> [DATA TO USE]
====

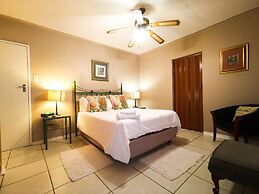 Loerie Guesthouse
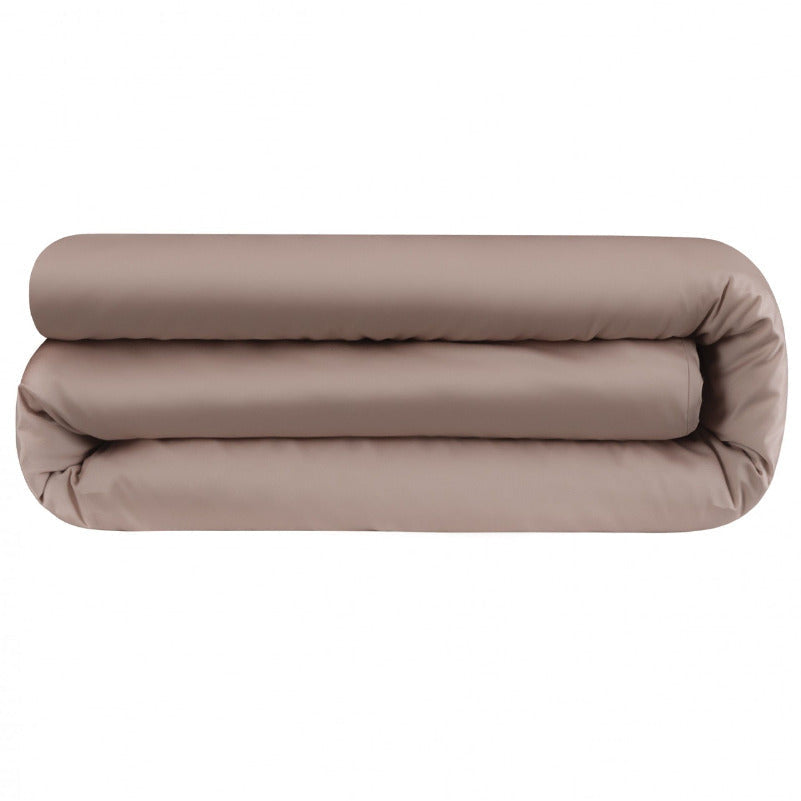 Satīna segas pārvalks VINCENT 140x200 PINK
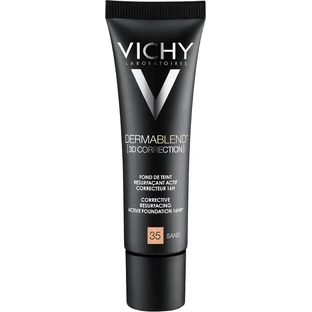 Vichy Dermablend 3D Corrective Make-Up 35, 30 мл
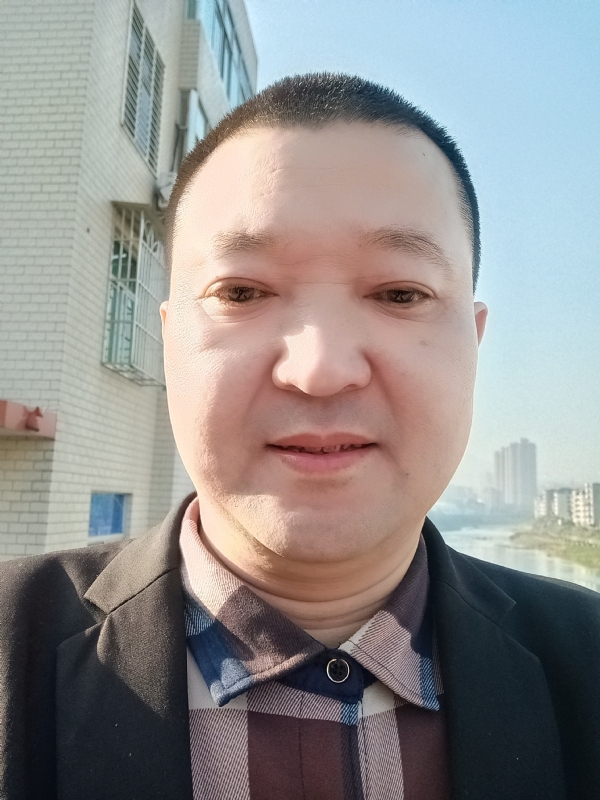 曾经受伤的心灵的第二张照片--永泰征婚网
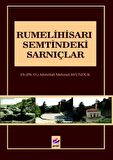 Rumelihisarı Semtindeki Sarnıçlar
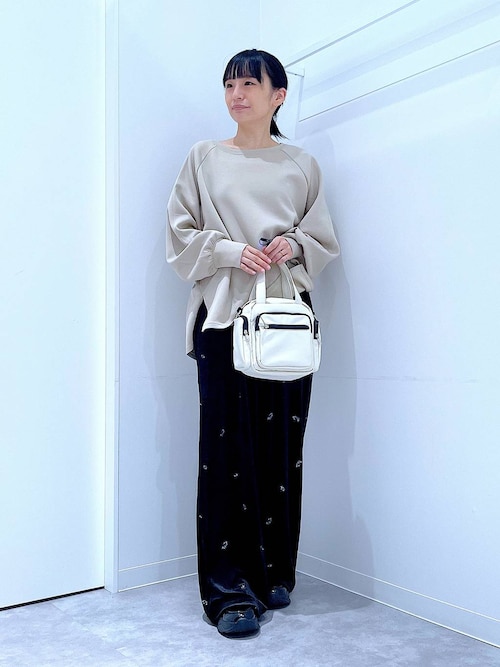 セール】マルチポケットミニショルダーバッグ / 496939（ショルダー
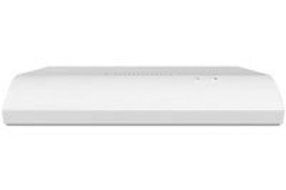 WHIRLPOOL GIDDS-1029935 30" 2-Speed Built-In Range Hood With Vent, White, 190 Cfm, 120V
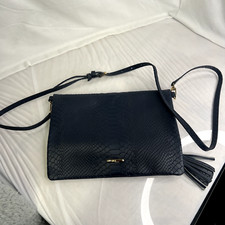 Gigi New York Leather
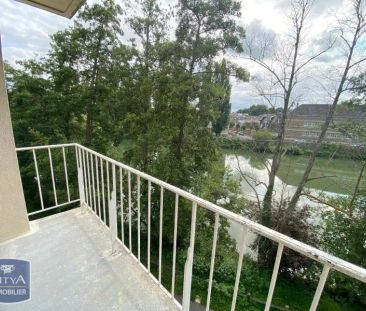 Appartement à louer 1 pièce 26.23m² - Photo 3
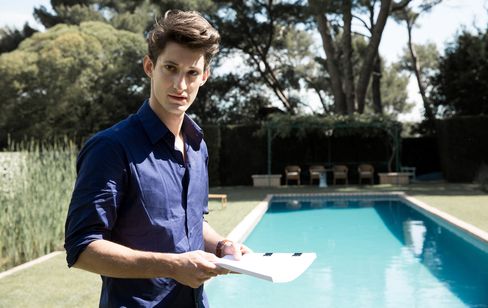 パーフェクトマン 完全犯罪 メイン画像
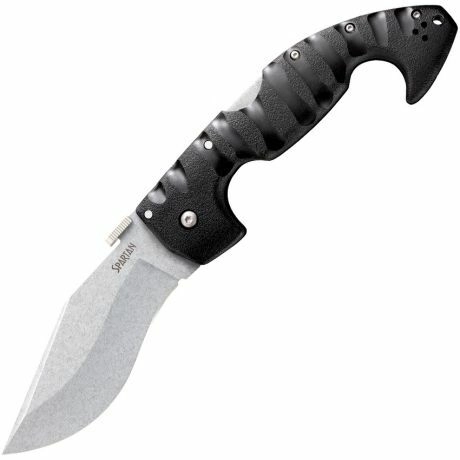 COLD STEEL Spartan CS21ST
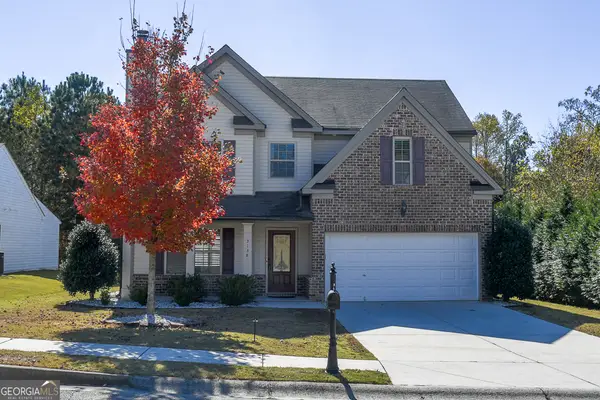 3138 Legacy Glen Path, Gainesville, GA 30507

====

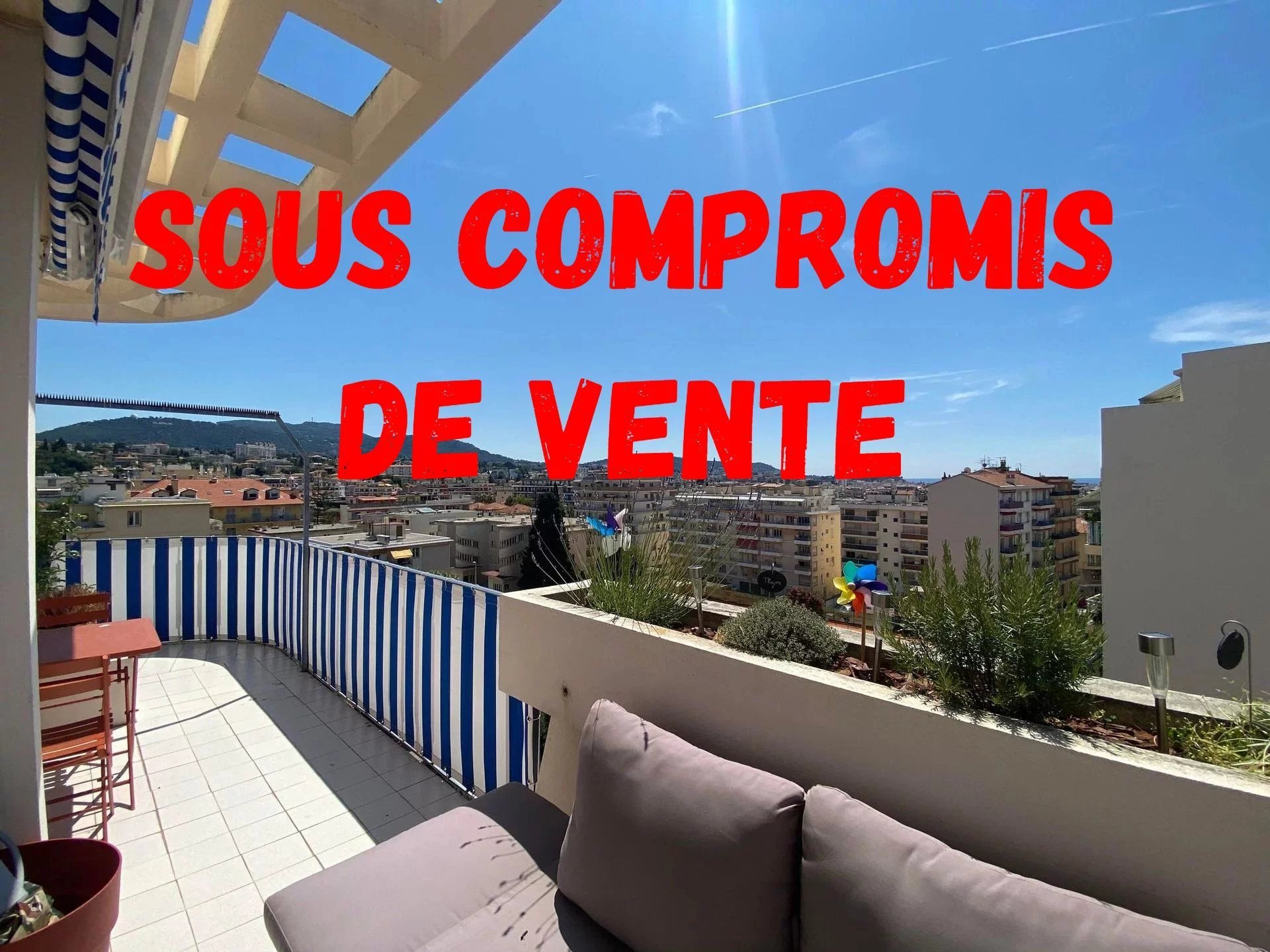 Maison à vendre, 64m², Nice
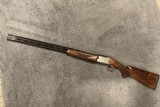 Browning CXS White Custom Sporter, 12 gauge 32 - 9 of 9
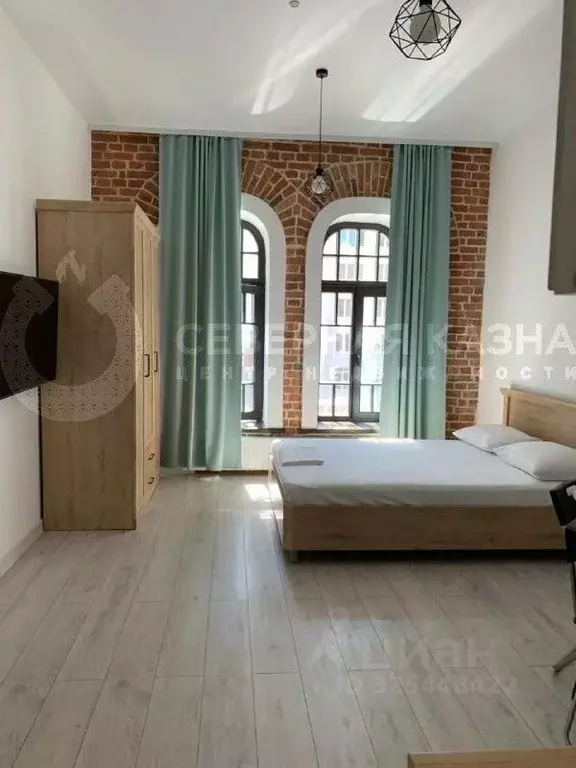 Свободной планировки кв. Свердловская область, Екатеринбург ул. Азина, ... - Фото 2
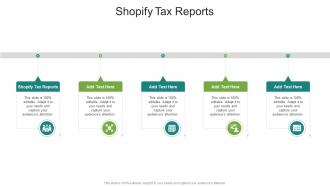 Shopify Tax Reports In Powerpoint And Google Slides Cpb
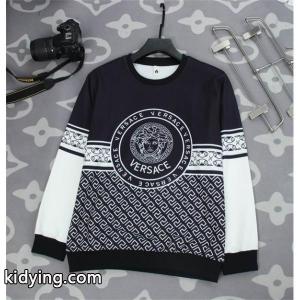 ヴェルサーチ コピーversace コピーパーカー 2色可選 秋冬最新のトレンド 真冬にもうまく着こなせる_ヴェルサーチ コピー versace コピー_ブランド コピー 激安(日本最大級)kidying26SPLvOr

====

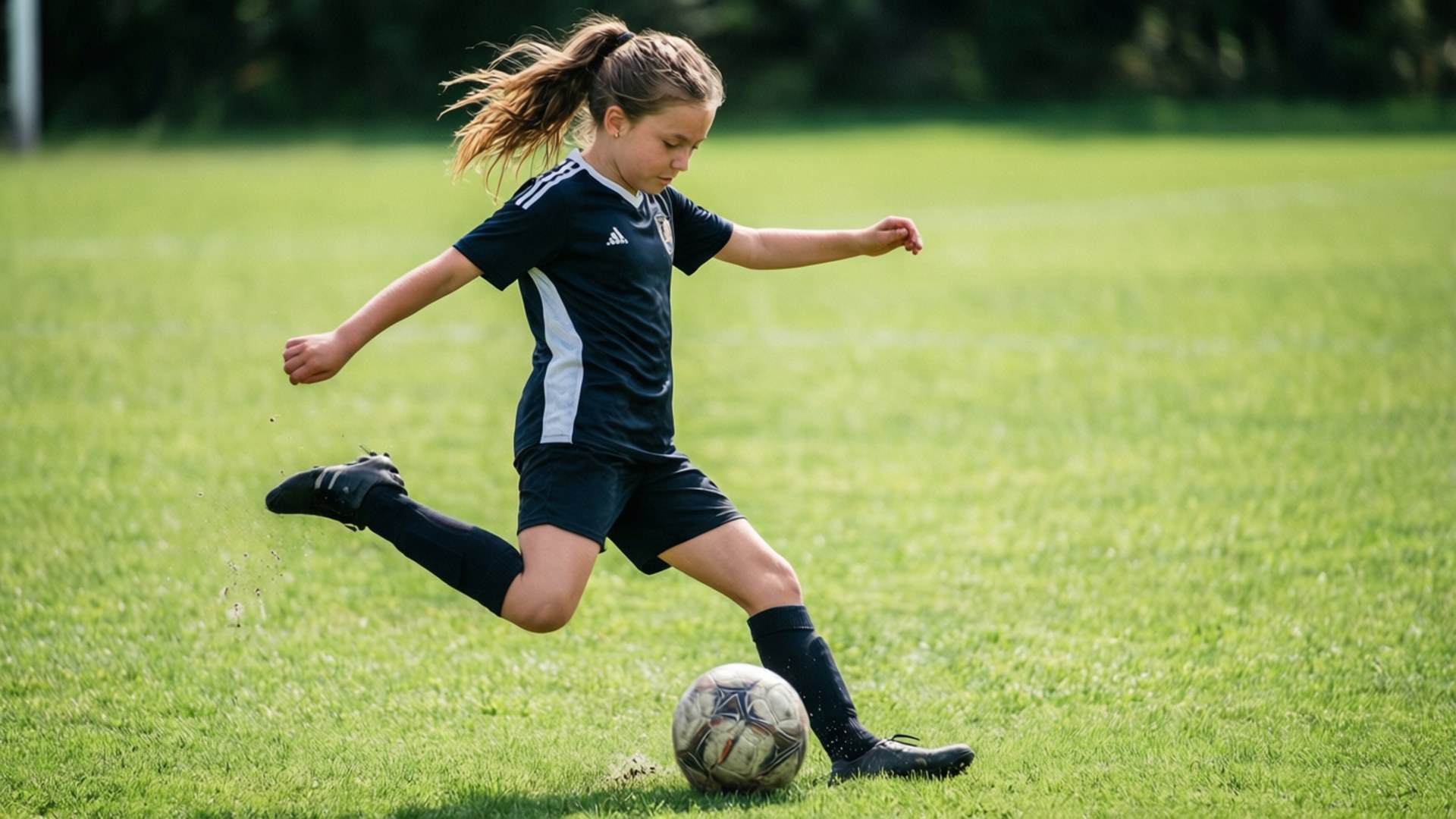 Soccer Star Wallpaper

====

> [WORK REQUIRED]
Output exactly the lines above, from the line with "190 Cfm, 120V" to the line with "3138 Legacy Glen Path, Gainesville, GA 30507", both included; skip the pictures.

> [RESPONSE BELOW]
 WHIRLPOOL GIDDS-1029935 30" 2-Speed Built-In Range Hood With Vent, White, 190 Cfm, 120V
 Gigi New York Leather
 Appartement à louer 1 pièce 26.23m² - Photo 3
 パーフェクトマン 完全犯罪 メイン画像
 COLD STEEL Spartan CS21ST
 3138 Legacy Glen Path, Gainesville, GA 30507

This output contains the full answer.